**Material to process**
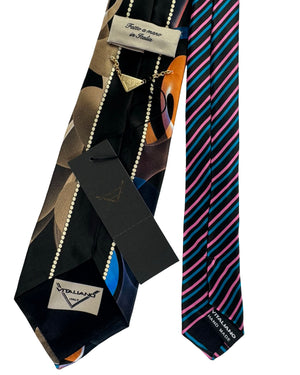 Vitaliano Pancaldi Silk Tie Black Brown Blue Abstract
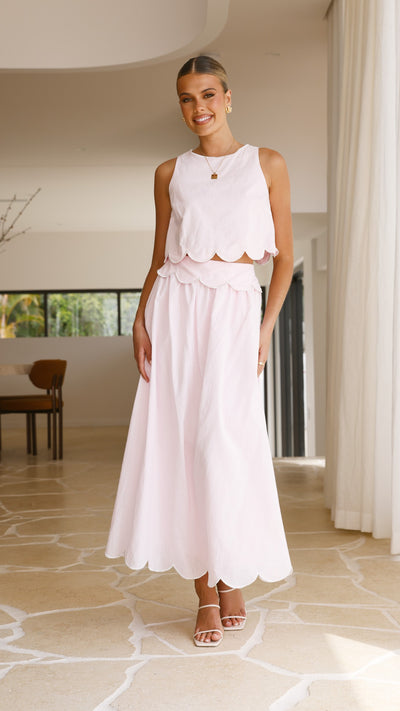 Load image into Gallery viewer, Nakisia Top and Maxi Skirt Set - Light Pink - Billy J
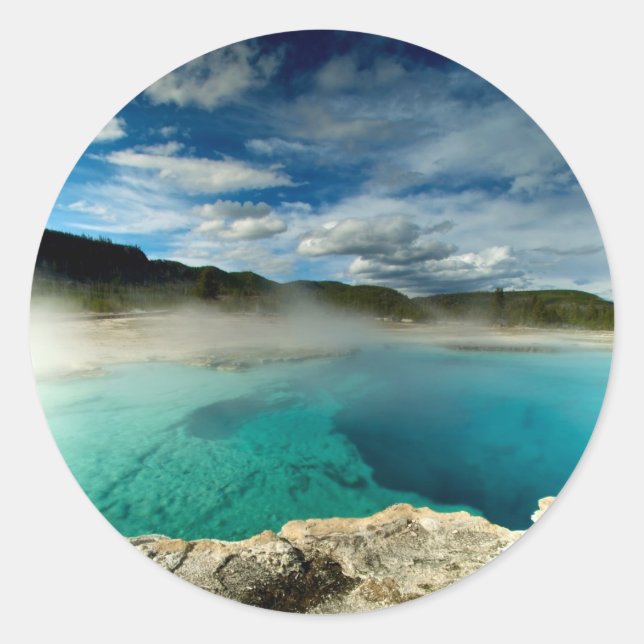 Pegatina Redonda Yellowstone (Anverso)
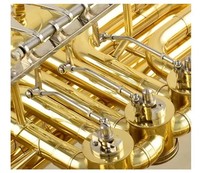 Tuba Rotary Valve JINBAO JBBB-200 Bb dengan Bell 425mm, Lapisan Emas, Kuningan, Instrumen Tiup untuk Pertunjukan Profesional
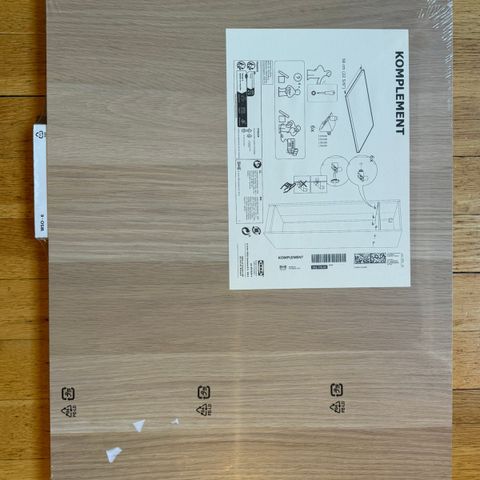 Ikea komplement hylleplate, hvitbeiset eikemønster 50x58 cm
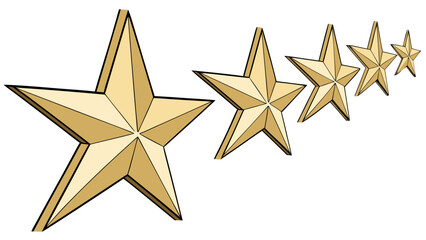 Obraz premium Golden stars forming a diagonal line on a white background, symbolizing achievement and excellence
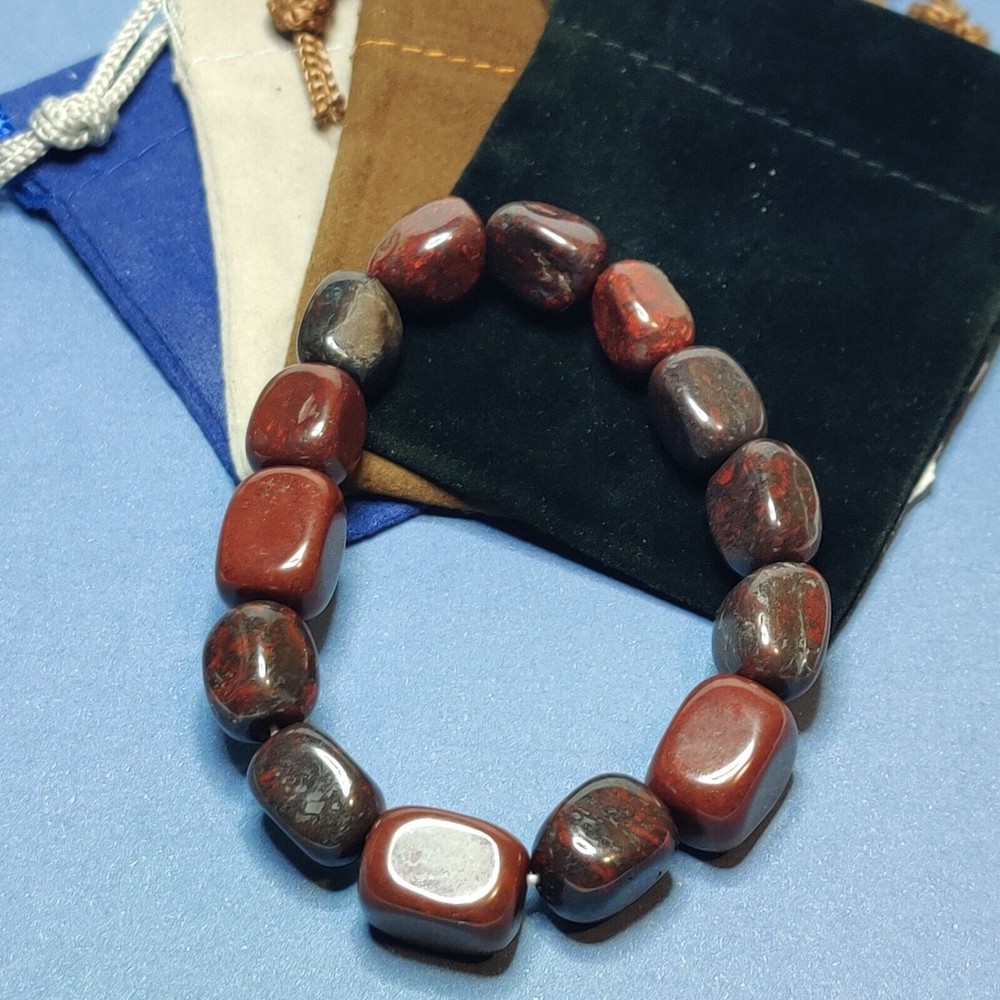 Brecciated Jasper stretch bracelet 12-15mm tumbled stones with felt pouch-NB27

**Work task**
Return every record above exactly as written, but drop the pictures.

**Task result**
 Vitaliano Pancaldi Silk Tie Black Brown Blue Abstract
 Load image into Gallery viewer, Nakisia Top and Maxi Skirt Set - Light Pink - Billy J
 Pegatina Redonda Yellowstone (Anverso)
 Tuba Rotary Valve JINBAO JBBB-200 Bb dengan Bell 425mm, Lapisan Emas, Kuningan, Instrumen Tiup untuk Pertunjukan Profesional
 Ikea komplement hylleplate, hvitbeiset eikemønster 50x58 cm
 Obraz premium Golden stars forming a diagonal line on a white background, symbolizing achievement and excellence
 Brecciated Jasper stretch bracelet 12-15mm tumbled stones with felt pouch-NB27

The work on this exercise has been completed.